» Problem to solve:
Your output must match the records exactly, line for line.

» Available records:
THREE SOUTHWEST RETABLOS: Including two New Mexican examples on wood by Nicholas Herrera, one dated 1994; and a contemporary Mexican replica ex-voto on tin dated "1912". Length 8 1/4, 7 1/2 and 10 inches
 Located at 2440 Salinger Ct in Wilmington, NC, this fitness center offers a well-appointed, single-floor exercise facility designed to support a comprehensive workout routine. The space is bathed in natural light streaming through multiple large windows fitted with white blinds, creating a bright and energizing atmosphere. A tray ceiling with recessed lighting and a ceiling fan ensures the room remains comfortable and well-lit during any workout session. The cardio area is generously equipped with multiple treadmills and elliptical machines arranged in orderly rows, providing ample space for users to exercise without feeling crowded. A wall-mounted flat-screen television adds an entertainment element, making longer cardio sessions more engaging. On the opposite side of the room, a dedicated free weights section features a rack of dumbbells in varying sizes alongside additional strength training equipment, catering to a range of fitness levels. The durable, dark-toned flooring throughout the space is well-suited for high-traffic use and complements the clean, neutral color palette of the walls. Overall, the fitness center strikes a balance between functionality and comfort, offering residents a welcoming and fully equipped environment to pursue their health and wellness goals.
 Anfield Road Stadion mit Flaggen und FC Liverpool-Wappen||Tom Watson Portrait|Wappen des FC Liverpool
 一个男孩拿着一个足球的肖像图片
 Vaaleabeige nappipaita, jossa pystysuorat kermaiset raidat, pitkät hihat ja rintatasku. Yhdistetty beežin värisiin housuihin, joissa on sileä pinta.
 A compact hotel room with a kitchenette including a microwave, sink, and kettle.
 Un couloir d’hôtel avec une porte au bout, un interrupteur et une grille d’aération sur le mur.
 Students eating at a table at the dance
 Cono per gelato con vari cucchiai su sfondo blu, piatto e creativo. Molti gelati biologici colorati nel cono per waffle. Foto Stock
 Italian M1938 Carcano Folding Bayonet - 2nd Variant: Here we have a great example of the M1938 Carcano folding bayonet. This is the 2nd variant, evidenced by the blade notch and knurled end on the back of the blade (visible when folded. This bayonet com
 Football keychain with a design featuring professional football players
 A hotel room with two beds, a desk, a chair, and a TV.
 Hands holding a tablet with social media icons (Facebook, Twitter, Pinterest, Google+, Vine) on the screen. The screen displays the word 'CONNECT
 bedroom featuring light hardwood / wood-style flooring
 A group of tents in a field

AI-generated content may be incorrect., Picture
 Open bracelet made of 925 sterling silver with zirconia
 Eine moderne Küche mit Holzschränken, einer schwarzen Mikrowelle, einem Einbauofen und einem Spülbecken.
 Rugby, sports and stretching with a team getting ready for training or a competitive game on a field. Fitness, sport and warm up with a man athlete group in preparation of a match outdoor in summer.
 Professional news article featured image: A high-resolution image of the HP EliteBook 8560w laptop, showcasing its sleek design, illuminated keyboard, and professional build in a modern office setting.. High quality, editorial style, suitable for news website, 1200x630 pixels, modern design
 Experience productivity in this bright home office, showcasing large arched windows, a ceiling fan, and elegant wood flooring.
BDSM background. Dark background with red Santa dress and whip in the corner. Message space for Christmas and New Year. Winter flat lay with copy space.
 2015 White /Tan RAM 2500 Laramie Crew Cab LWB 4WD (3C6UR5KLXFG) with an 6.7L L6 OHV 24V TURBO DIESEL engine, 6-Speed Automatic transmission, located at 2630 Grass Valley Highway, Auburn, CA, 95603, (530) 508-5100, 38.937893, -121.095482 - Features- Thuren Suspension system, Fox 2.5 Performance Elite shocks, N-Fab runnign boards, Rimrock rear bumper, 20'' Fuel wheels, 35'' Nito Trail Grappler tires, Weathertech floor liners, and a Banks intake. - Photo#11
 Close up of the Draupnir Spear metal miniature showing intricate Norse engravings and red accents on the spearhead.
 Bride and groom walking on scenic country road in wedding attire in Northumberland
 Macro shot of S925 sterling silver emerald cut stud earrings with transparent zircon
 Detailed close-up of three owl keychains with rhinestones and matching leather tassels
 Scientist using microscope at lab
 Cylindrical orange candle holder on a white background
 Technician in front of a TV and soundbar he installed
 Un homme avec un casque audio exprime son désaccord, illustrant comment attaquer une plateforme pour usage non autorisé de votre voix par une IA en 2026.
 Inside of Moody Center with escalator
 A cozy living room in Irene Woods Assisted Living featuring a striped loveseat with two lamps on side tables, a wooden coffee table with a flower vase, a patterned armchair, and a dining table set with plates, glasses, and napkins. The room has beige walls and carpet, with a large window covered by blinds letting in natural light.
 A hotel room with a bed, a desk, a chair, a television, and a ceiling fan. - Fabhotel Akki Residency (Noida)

» Expected answer:
THREE SOUTHWEST RETABLOS: Including two New Mexican examples on wood by Nicholas Herrera, one dated 1994; and a contemporary Mexican replica ex-voto on tin dated "1912". Length 8 1/4, 7 1/2 and 10 inches
 Located at 2440 Salinger Ct in Wilmington, NC, this fitness center offers a well-appointed, single-floor exercise facility designed to support a comprehensive workout routine. The space is bathed in natural light streaming through multiple large windows fitted with white blinds, creating a bright and energizing atmosphere. A tray ceiling with recessed lighting and a ceiling fan ensures the room remains comfortable and well-lit during any workout session. The cardio area is generously equipped with multiple treadmills and elliptical machines arranged in orderly rows, providing ample space for users to exercise without feeling crowded. A wall-mounted flat-screen television adds an entertainment element, making longer cardio sessions more engaging. On the opposite side of the room, a dedicated free weights section features a rack of dumbbells in varying sizes alongside additional strength training equipment, catering to a range of fitness levels. The durable, dark-toned flooring throughout the space is well-suited for high-traffic use and complements the clean, neutral color palette of the walls. Overall, the fitness center strikes a balance between functionality and comfort, offering residents a welcoming and fully equipped environment to pursue their health and wellness goals.
 Anfield Road Stadion mit Flaggen und FC Liverpool-Wappen||Tom Watson Portrait|Wappen des FC Liverpool
 一个男孩拿着一个足球的肖像图片
 Vaaleabeige nappipaita, jossa pystysuorat kermaiset raidat, pitkät hihat ja rintatasku. Yhdistetty beežin värisiin housuihin, joissa on sileä pinta.
 A compact hotel room with a kitchenette including a microwave, sink, and kettle.
 Un couloir d’hôtel avec une porte au bout, un interrupteur et une grille d’aération sur le mur.
 Students eating at a table at the dance
 Cono per gelato con vari cucchiai su sfondo blu, piatto e creativo. Molti gelati biologici colorati nel cono per waffle. Foto Stock
 Italian M1938 Carcano Folding Bayonet - 2nd Variant: Here we have a great example of the M1938 Carcano folding bayonet. This is the 2nd variant, evidenced by the blade notch and knurled end on the back of the blade (visible when folded. This bayonet com
 Football keychain with a design featuring professional football players
 A hotel room with two beds, a desk, a chair, and a TV.
 Hands holding a tablet with social media icons (Facebook, Twitter, Pinterest, Google+, Vine) on the screen. The screen displays the word 'CONNECT
 bedroom featuring light hardwood / wood-style flooring
 A group of tents in a field

AI-generated content may be incorrect., Picture
 Open bracelet made of 925 sterling silver with zirconia
 Eine moderne Küche mit Holzschränken, einer schwarzen Mikrowelle, einem Einbauofen und einem Spülbecken.
 Rugby, sports and stretching with a team getting ready for training or a competitive game on a field. Fitness, sport and warm up with a man athlete group in preparation of a match outdoor in summer.
 Professional news article featured image: A high-resolution image of the HP EliteBook 8560w laptop, showcasing its sleek design, illuminated keyboard, and professional build in a modern office setting.. High quality, editorial style, suitable for news website, 1200x630 pixels, modern design
 Experience productivity in this bright home office, showcasing large arched windows, a ceiling fan, and elegant wood flooring.
BDSM background. Dark background with red Santa dress and whip in the corner. Message space for Christmas and New Year. Winter flat lay with copy space.
 2015 White /Tan RAM 2500 Laramie Crew Cab LWB 4WD (3C6UR5KLXFG) with an 6.7L L6 OHV 24V TURBO DIESEL engine, 6-Speed Automatic transmission, located at 2630 Grass Valley Highway, Auburn, CA, 95603, (530) 508-5100, 38.937893, -121.095482 - Features- Thuren Suspension system, Fox 2.5 Performance Elite shocks, N-Fab runnign boards, Rimrock rear bumper, 20'' Fuel wheels, 35'' Nito Trail Grappler tires, Weathertech floor liners, and a Banks intake. - Photo#11
 Close up of the Draupnir Spear metal miniature showing intricate Norse engravings and red accents on the spearhead.
 Bride and groom walking on scenic country road in wedding attire in Northumberland
 Macro shot of S925 sterling silver emerald cut stud earrings with transparent zircon
 Detailed close-up of three owl keychains with rhinestones and matching leather tassels
 Scientist using microscope at lab
 Cylindrical orange candle holder on a white background
 Technician in front of a TV and soundbar he installed
 Un homme avec un casque audio exprime son désaccord, illustrant comment attaquer une plateforme pour usage non autorisé de votre voix par une IA en 2026.
 Inside of Moody Center with escalator
 A cozy living room in Irene Woods Assisted Living featuring a striped loveseat with two lamps on side tables, a wooden coffee table with a flower vase, a patterned armchair, and a dining table set with plates, glasses, and napkins. The room has beige walls and carpet, with a large window covered by blinds letting in natural light.
 A hotel room with a bed, a desk, a chair, a television, and a ceiling fan. - Fabhotel Akki Residency (Noida)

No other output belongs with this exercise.